== What is required ==
Copy each line of the data below exactly, leaving out pictures.

[Dataset section]

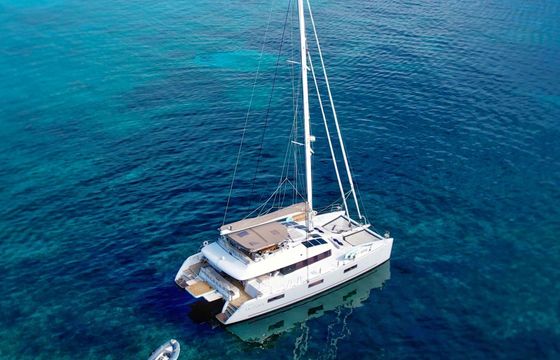 Catamaran Lagoon Lagoon 620 Essence 18.9m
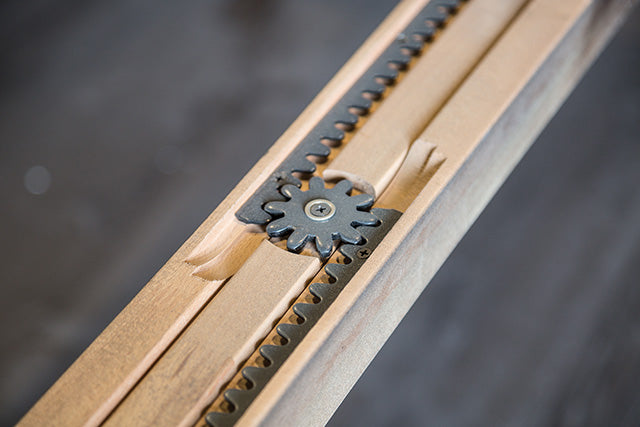 Hinwitz - Dining Table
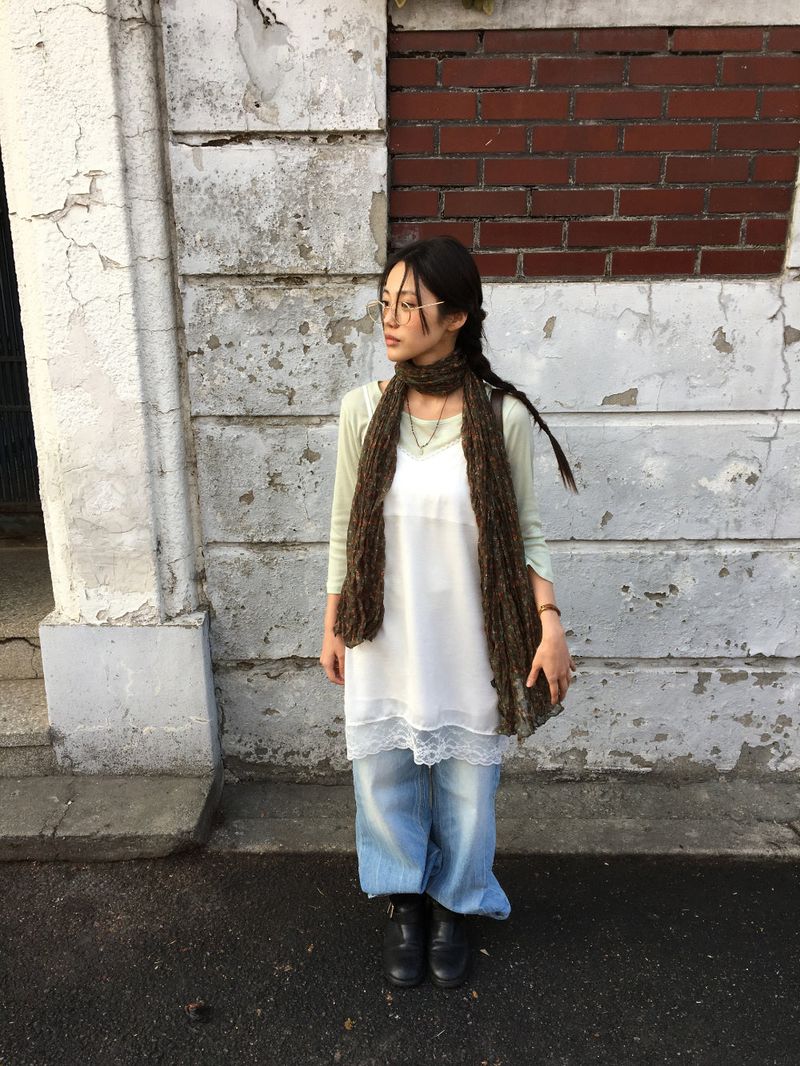 Peacock Light Washed Denim (1color)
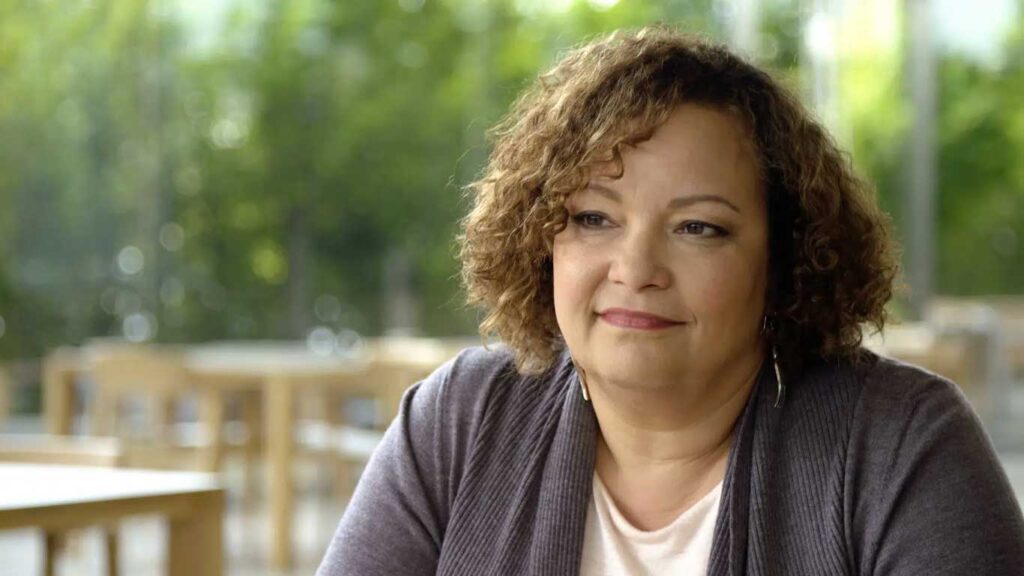 Lisa Jackson anuncia reflorestada na Bahia com parceria entre Apple e Symbiosis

[/Dataset section]

== Written solution ==
 Catamaran Lagoon Lagoon 620 Essence 18.9m
 Hinwitz - Dining Table
 Peacock Light Washed Denim (1color)
 Lisa Jackson anuncia reflorestada na Bahia com parceria entre Apple e Symbiosis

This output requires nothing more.